(Material provided)

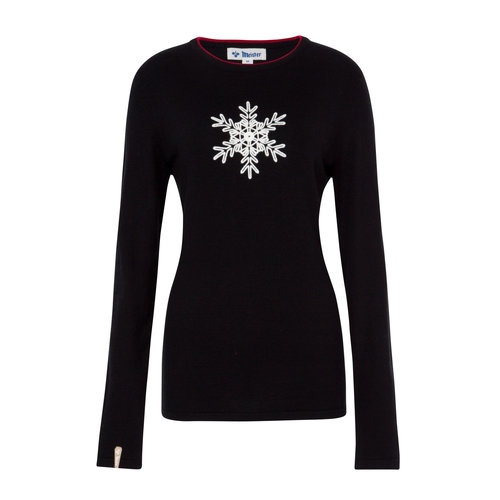 FERA FERA NOEL (19/20) BLACK/SIGNAL RED-001 FERA FERA NOEL (19/20) BLACK/SIGNAL RED-001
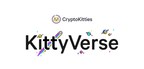 CryptoKitties announces KittyVerse platform and Nifty License, opening new opportunities for blockchain developers worldwide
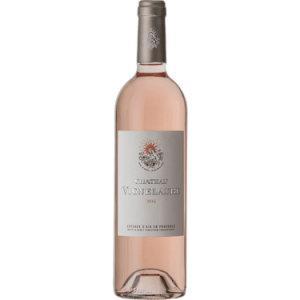 Château Vignelaure Côteaux d'Aix Provence Vignelaure Rosé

(End Material provided)

Exercise goal —
Without the pictures, give every line of the data again, exactly as written.

Your response —
 FERA FERA NOEL (19/20) BLACK/SIGNAL RED-001 FERA FERA NOEL (19/20) BLACK/SIGNAL RED-001
 CryptoKitties announces KittyVerse platform and Nifty License, opening new opportunities for blockchain developers worldwide
 Château Vignelaure Côteaux d'Aix Provence Vignelaure Rosé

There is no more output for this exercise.